Answer:
115 adults and 136 children were admitted into the amusement park.
Explanation:
We can determine how many children and adults were admitted into the amusement park using a system of equations, where:
- C represents the number of children admitted,
- and A represents the number of adults admitted.
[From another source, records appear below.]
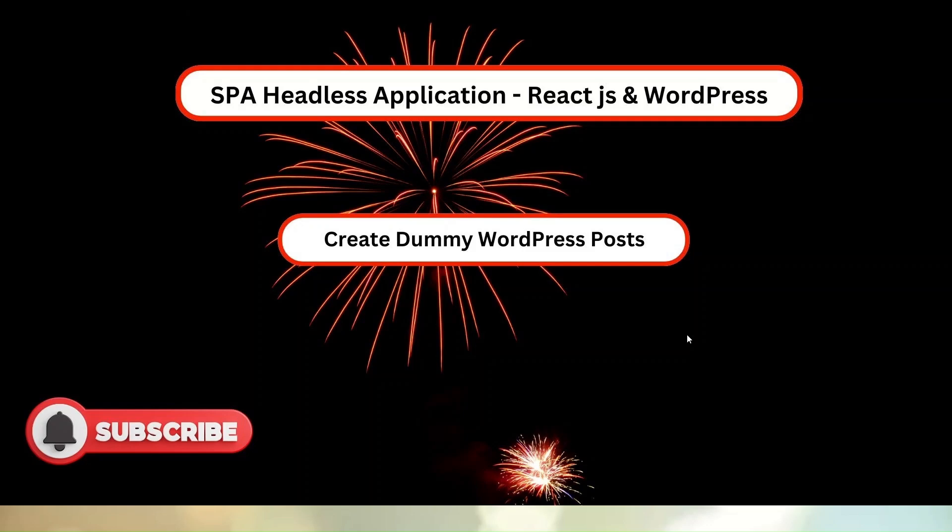Alright friends, we have successfully completed two setup installations: ReactJS setup and WordPress application setup.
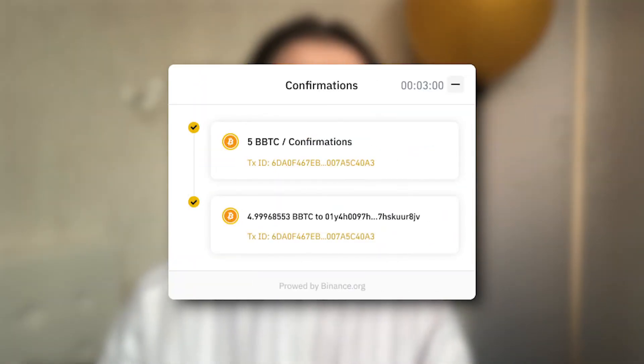The Binance Bridge is just one piece of a bigger project. Binance aims to increase even more the cross-chain liquidity between different blockchains. Binance Bridge is the safest, fastest, and most secure way to bring cross-chain assets to Binance Chain and Binance Smart Chain.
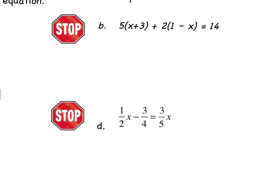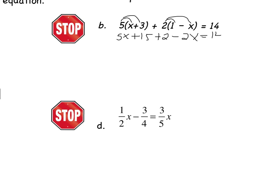For part B, pause the video and complete it on your own. When you come back we'll go over it together. You should have first distributed on the left side — distributing the 5 and then the 2 — giving you 5x plus 15 plus 2 minus 2x equals 14. Combining like terms on the left side, you should have been able to solve from there and gotten x equals negative 1. If you didn't get that, go back and fix the problem before moving on.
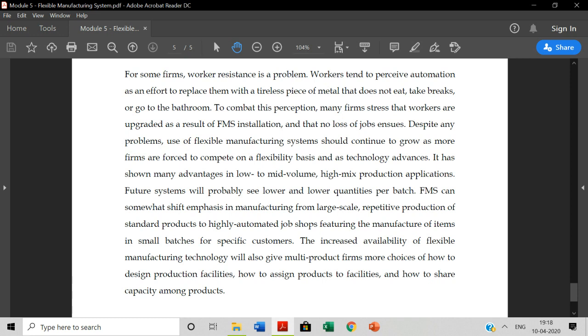The increased availability of flexible management technology will give multi-product firms more choices of how to design product facilities, how to assign products to facilities, and how to share the capacity among products. After you know FMS, we have to have a disadvantage, but we have to have a positive point here. I think this will be helpful for the organization if they implement this FMS system.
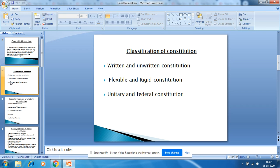The second classification is flexible and rigid Constitution. A Constitution is known as flexible if it provides a simple procedure for its amendment, as prescribed for making ordinary law. A rigid Constitution is one which requires a special, complex, and more technical procedure for its amendment — for example, the Indian Constitution under Article 368 provides a rigid method to amend its provisions.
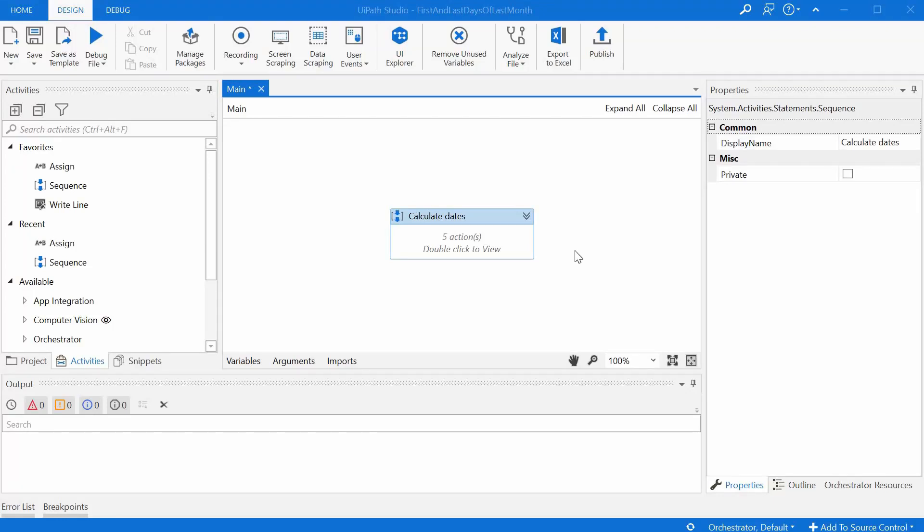Hey guys, Gabi from UiPath Hacks here. Today's video is about determining dynamically different dates in UiPath.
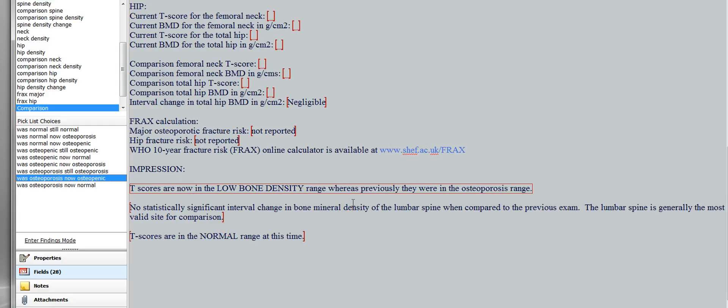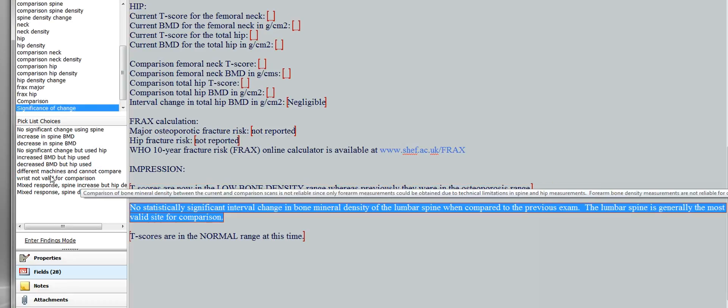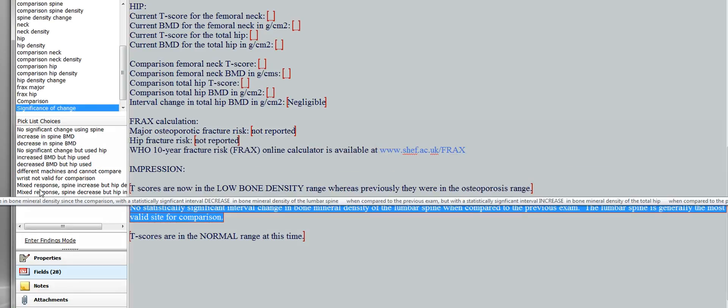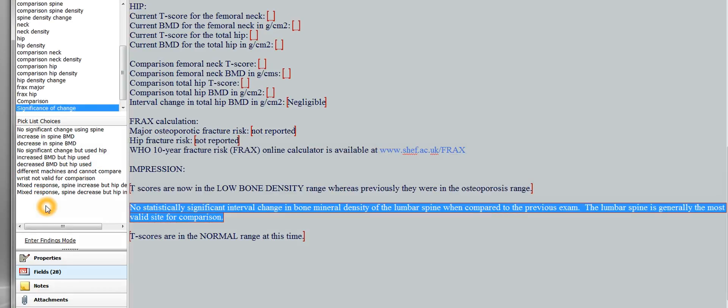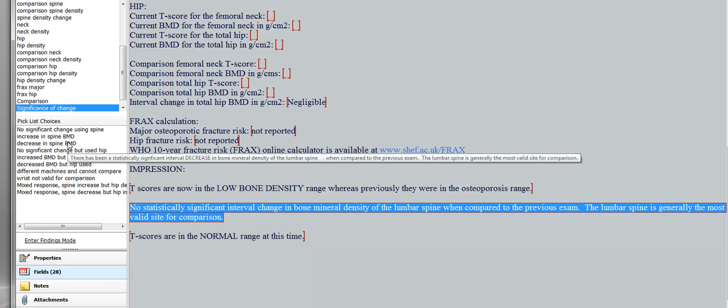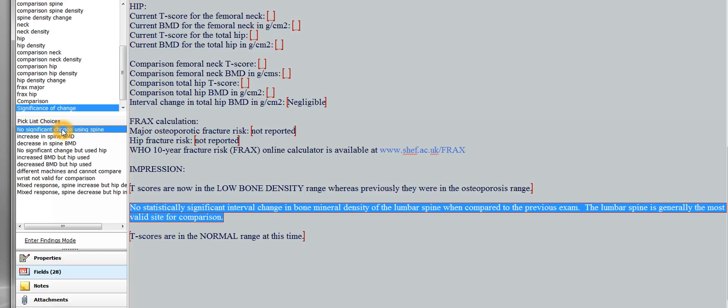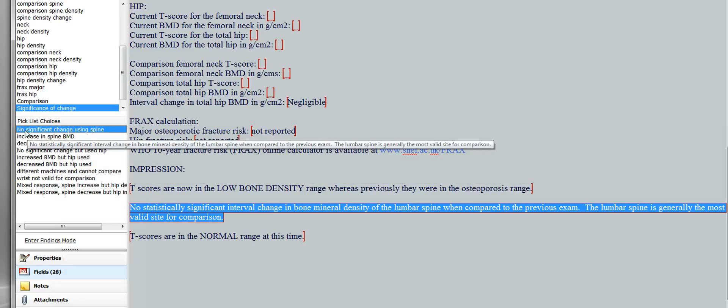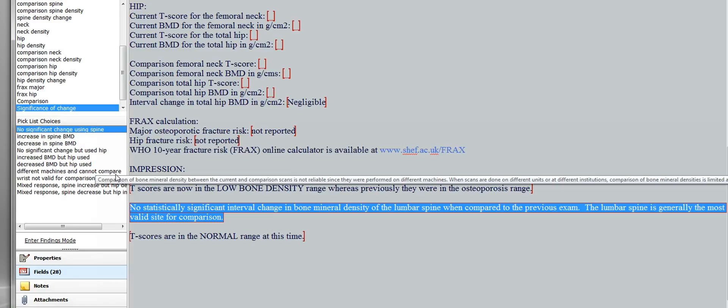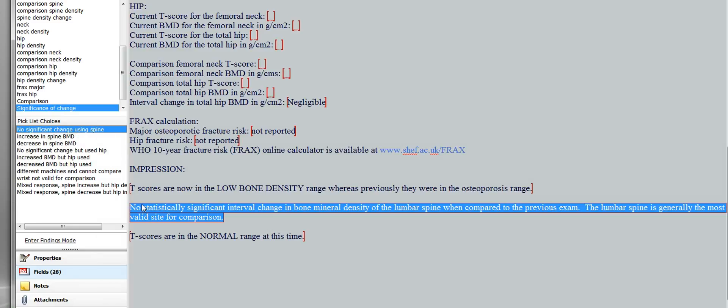All right, then the second impression is, next one, let's tab into it. And it also has a nice pick list, so be sure to use the pick list. And this is the most complicated one, and it's about how to say whether there's been a statistically significant change in bone mineral density. So this one you'll use commonly. It's going to say there's no, the shortcut is no significant change using the spine. So it'll say no statistically significant interval change in bone mineral density of the lumbar spine when compared to the previous exam. The lumbar spine is generally the most valid site for comparison.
----------------------------------------------------------------------------------------------------------First equation:
Since the admission fees for children and adults were $9.00 and $13.00 respectively and the total admission fees collected was $2719.00, our first equation is given by:
9C + 13A = 2719
Second equation:
Since 251 people entered the park, which includes the children and adults, our second equation is given by:
C + A = 251
Method to Solve: Elimination:
- We can start by multiplying the second equation by -9.
Adding this equation to the first equation will allow us to solve for A and eliminate C since 9C - 9C = 0:
-9(C + A = 251)
-9C - 9A = -2259
Solving for A (i.e., the number of adults admitted):
Now, we can solve for A by adding 9C + 13A = 2719 and -9C - 9A = -2259:
9C + 13A = 2719
+
-9C - 9A = -2259
----------------------------------------------------------------------------------------------------------(9C - 9C) + (13A - 9A) = (2719 - 2259)
(4A = 460) / 4
A = 115
Therefore, 115 adults were admitted into the amusement park.
Solving for C (i.e., the number of children admitted):
Now, we can solve for C by plugging in 115 for A in the first equation (i.e., 9C + 13A = 2719):
9C + 13(115) = 2719
(9C + 1495 = 2719) - 1495
(9C = 1224) / 9
C = 136
Therefore, 136 children were admitted into the amusement park.